The manufacturing activity in Türkiye rebounded in February after shrinking for eight straight months, with tentative signs of improving customer demand, a closely watched survey showed Friday.

The Purchasing Managers’ Index (PMI) for manufacturing rose to 50.2 last month from 49.2 in January, inching above the 50-point line that marks growth in activity, the Istanbul Chamber of Industry (ISO) and S&P Global said.

Treasury and Finance Minister Mehmet Şimşek said the data signaled a good start to 2024.

“The PMI, which has been increasing for two months, shows that we have made a good start to the year in industrial production,” Şimşek wrote on social media platform X, formerly known as Twitter.

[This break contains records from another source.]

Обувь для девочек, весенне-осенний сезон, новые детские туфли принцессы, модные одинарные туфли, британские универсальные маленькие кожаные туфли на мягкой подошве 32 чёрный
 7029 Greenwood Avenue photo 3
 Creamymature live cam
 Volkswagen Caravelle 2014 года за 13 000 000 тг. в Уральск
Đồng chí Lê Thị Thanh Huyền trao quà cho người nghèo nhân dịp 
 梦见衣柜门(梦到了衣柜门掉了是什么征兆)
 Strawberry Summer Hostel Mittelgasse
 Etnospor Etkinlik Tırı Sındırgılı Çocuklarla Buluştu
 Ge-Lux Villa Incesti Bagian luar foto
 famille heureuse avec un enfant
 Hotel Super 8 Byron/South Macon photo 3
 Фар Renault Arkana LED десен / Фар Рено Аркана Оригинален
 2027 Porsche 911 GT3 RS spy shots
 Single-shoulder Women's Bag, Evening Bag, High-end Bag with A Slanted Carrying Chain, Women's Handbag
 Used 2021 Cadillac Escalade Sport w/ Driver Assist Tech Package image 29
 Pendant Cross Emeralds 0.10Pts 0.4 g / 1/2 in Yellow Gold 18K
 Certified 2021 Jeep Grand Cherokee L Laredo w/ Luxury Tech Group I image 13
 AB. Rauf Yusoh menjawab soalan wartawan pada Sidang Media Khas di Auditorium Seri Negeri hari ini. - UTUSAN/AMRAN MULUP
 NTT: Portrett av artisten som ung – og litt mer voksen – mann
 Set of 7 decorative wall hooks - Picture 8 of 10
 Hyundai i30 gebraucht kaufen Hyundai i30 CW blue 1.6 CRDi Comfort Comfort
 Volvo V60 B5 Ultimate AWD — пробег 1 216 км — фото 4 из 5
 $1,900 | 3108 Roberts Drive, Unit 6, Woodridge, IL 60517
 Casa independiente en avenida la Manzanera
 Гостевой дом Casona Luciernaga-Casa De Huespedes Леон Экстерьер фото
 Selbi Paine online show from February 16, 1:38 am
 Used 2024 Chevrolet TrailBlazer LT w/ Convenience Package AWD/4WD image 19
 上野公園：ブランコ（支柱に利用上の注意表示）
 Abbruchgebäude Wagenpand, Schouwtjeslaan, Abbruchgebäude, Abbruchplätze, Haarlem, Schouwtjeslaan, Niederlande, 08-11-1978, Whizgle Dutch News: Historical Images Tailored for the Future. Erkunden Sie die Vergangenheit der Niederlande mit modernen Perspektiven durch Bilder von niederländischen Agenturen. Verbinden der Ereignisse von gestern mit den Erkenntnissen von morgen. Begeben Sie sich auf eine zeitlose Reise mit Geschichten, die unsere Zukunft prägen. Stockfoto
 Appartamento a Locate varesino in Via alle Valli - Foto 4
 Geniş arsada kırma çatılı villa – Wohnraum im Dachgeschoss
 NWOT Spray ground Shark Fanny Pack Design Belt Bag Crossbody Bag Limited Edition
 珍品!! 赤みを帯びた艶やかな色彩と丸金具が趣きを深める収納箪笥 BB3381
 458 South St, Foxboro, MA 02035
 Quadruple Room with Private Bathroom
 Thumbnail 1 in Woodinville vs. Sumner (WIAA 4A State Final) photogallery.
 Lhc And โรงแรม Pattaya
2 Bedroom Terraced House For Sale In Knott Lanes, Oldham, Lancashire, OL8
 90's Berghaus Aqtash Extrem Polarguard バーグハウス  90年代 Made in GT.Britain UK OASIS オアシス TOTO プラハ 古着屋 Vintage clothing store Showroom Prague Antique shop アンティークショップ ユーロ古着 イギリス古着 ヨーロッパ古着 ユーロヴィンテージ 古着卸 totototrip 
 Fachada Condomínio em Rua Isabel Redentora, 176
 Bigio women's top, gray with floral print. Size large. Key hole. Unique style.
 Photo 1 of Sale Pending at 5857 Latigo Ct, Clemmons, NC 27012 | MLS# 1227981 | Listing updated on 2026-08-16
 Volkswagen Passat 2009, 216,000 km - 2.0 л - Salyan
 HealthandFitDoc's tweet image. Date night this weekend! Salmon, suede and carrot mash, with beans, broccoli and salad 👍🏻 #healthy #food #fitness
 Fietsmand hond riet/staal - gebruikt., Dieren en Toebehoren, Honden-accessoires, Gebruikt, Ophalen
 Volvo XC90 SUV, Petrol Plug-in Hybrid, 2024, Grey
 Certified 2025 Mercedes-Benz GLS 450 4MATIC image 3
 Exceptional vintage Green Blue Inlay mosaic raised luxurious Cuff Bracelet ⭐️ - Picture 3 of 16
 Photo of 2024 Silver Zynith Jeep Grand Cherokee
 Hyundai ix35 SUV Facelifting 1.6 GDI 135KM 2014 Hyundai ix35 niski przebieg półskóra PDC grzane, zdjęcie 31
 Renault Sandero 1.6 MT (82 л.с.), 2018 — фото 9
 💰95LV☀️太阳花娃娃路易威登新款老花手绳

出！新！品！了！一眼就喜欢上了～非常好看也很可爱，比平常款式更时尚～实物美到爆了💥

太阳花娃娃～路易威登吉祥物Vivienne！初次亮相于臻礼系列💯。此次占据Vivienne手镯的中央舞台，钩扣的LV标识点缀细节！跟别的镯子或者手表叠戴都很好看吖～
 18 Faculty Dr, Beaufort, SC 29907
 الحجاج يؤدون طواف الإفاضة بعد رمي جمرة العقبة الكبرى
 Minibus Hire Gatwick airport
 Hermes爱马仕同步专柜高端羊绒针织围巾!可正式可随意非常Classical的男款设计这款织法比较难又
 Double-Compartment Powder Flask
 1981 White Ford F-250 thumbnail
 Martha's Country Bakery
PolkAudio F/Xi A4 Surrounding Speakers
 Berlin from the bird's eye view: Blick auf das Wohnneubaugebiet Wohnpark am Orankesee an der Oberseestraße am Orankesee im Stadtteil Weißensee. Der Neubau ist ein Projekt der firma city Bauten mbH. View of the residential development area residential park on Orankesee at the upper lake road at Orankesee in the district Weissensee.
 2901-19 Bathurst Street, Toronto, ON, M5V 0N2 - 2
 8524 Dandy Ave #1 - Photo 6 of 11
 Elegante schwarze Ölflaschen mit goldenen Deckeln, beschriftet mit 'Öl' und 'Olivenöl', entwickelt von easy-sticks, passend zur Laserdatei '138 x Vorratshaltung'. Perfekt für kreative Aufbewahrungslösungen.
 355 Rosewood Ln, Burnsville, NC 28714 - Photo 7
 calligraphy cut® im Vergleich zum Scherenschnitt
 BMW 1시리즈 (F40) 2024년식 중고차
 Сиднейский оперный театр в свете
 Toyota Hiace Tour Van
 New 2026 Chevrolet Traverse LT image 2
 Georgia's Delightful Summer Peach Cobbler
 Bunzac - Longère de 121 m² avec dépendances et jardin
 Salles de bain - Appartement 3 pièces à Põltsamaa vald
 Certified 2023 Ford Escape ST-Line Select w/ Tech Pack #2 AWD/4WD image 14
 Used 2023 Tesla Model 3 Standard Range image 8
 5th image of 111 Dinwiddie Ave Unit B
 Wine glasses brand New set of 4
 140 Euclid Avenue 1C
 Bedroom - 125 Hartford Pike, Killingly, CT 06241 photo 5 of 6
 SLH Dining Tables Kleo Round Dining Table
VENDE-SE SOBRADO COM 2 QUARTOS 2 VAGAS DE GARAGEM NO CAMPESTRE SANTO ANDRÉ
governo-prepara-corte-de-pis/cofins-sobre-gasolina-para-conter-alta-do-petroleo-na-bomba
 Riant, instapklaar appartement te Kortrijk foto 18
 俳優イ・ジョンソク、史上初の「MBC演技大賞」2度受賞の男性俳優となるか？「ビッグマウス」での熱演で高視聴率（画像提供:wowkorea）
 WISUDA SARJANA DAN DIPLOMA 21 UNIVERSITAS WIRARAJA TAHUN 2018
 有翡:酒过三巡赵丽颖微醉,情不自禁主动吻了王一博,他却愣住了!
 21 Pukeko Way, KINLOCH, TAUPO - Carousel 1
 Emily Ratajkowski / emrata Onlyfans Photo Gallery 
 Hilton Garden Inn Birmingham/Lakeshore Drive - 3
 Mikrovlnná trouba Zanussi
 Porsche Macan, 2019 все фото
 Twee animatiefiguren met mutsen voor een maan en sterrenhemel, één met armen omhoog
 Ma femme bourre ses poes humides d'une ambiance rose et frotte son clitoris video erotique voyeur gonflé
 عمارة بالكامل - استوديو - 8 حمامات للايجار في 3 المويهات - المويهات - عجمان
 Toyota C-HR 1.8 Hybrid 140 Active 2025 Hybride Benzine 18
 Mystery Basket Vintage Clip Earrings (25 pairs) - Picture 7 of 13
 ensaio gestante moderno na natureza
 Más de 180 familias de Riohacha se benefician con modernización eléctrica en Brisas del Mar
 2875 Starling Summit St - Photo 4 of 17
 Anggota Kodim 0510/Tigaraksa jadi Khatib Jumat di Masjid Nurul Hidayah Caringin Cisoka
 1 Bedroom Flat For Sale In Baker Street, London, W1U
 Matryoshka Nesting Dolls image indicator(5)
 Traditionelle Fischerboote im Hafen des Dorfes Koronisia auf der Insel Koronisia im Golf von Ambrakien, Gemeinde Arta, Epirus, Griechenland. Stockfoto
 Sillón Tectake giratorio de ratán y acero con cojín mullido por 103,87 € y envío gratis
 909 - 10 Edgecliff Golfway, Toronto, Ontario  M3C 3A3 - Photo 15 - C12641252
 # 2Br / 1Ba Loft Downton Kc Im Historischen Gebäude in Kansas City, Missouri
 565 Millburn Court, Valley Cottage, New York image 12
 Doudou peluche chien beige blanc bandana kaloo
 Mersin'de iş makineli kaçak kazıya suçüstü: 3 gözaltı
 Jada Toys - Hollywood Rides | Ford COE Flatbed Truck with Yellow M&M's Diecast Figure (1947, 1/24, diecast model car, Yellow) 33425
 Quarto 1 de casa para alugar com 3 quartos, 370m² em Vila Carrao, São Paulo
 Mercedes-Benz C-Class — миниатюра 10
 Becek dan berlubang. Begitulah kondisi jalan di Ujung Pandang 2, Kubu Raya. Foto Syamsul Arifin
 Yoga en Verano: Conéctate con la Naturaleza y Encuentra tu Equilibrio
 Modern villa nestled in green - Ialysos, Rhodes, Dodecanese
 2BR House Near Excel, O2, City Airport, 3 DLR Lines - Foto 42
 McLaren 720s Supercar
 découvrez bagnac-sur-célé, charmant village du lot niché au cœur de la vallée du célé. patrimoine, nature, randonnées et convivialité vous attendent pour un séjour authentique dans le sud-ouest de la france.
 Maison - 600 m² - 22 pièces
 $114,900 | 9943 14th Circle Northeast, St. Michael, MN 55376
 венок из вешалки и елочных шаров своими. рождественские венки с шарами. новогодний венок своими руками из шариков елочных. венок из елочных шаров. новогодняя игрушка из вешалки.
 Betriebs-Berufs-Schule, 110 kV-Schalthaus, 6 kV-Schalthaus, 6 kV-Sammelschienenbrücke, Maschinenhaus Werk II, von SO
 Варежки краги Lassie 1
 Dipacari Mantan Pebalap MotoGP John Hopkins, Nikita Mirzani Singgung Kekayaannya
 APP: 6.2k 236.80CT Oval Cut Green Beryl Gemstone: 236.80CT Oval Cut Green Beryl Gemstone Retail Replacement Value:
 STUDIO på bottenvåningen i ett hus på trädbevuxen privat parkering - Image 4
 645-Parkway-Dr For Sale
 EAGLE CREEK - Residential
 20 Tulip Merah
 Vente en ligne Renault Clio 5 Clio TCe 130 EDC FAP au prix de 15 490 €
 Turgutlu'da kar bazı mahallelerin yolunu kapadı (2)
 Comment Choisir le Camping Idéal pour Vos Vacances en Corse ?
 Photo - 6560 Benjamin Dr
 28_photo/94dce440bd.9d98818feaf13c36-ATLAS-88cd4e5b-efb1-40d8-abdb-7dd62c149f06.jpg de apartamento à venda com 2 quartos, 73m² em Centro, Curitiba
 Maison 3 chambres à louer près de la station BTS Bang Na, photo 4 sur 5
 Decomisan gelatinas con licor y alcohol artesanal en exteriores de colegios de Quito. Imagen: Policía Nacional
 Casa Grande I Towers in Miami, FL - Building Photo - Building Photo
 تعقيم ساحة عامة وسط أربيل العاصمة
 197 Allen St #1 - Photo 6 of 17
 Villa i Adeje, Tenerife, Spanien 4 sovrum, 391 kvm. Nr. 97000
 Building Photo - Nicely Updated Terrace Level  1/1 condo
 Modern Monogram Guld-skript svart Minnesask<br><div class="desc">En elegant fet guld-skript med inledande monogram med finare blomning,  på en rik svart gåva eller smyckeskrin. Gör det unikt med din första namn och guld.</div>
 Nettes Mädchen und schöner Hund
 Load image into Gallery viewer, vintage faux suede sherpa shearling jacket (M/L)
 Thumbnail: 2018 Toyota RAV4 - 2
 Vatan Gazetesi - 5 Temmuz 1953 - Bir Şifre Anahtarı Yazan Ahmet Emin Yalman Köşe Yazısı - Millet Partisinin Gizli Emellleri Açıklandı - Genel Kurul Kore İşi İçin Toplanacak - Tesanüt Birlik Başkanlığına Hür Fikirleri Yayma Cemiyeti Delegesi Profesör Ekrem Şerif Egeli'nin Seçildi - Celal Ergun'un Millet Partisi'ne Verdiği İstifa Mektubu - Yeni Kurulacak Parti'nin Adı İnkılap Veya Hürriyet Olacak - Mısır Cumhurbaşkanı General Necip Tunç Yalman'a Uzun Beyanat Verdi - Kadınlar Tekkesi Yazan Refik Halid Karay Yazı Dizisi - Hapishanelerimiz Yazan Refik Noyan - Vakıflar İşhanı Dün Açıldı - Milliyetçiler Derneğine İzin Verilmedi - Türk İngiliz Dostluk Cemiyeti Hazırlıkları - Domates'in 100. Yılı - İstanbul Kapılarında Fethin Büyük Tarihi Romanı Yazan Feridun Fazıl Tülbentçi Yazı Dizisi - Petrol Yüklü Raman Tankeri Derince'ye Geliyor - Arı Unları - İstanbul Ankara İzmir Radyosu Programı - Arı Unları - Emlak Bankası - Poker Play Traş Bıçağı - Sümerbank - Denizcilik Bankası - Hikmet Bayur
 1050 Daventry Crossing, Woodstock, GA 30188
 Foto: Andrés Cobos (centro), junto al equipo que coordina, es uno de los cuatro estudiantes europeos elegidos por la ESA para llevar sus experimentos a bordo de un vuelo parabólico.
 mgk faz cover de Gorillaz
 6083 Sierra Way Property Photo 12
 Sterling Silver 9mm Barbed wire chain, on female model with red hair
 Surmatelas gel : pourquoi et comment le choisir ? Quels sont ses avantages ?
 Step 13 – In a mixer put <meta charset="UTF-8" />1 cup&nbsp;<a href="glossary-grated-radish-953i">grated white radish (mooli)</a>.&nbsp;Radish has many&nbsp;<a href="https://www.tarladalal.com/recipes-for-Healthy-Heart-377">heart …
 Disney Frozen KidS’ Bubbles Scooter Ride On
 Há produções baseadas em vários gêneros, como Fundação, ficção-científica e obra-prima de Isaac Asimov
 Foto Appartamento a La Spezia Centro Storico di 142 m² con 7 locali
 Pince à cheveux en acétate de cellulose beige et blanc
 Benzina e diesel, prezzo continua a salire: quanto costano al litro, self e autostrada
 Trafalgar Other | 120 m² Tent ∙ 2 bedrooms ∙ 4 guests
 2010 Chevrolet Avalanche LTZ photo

“With the recovery in the European Union, our main trading partner, the manufacturing industry will become even stronger,” he noted.

Firms contributing to the survey pointed to signs of customer demand improving despite a marginal slowdown in new orders, the panel showed.

In turn, firms expanded their purchasing activity while stocks of components continued to moderate due to supply delays caused by disruptions to trade through the Suez Canal.

Firms signaled a moderation in employment levels amid voluntary resignations and difficulties sourcing new staff, the survey showed.

Input and output prices rose sharply again, linked to higher raw material and transport prices, currency weakness, and the recent 49% minimum wage increase in Türkiye.

“A renewed expansion in output provided a boost to the Turkish manufacturing sector in February and suggests that we should see some solid growth numbers come through in the official data in the months ahead,” said Andrew Harker, economics director at S&P Global Market Intelligence.

“Although new orders continued to moderate, the news here was also promising as demand neared stabilization. Firms will be hoping that new order trends can join those for output in growth mode in the near future.”